We think that the decision in the Preston case is controlling on the issue presented in this case because the decision of the United States Supreme Court, in Mapp v. Ohio, 367 U.S. 643, 6 L.Ed. (2d) 1081, 81 S. Ct. 1684, 84 A.L.R. (2d) 933 (1961), held that the fourth amendment to the United States Constitution is applicable to state action.[2]

[1] In the case at bar, the search was not incident to a lawful arrest nor was the search itself valid because it took place the next day after the arrest without a search warrant and did not purport to be incident to a lawful arrest. The two revolvers were obtained as the result of an unlawful search and seizure and, therefore, appellant's motion to suppress should have been granted.
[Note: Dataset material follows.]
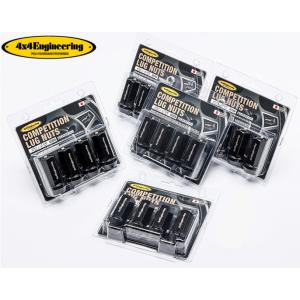 4X4エンジニアリング コンペティションラグナット ブラック 鍛造 M14×1.5 19HEX 48...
Since the trial court erroneously admitted the revolvers in evidence, the judgment and sentence of the trial court must be reversed and a new trial granted.

*887 In view of our disposition of this case, we find it unnecessary to discuss appellant's two other assignments of error.

Reversed and remanded.

OTT, C.J., WEAVER and HAMILTON, JJ., and RUMMEL, J. Pro Tem., concur.

NOTES

[*] Reported in 395 P. (2d) 85.

[1] This case was decided after the oral argument of the instant case in this court and, of course, was not available for consideration at the time of the trial.

[2] Later decisions of the Supreme Court discussing the subject of unreasonable search and seizure are: Wong Sun v. United States, 371 U.S. 471, 9 L.Ed. (2d) 441, 83 S. Ct. 407 (1963); Ker v. California, 374 U.S. 23, 10 L.Ed. (2d) 726, 83 S. Ct. 1623 (1963); Aguilar v. Texas, 378 U.S. 108, 12 L.Ed. (2d) 723, 84 S. Ct. 1509 (1964).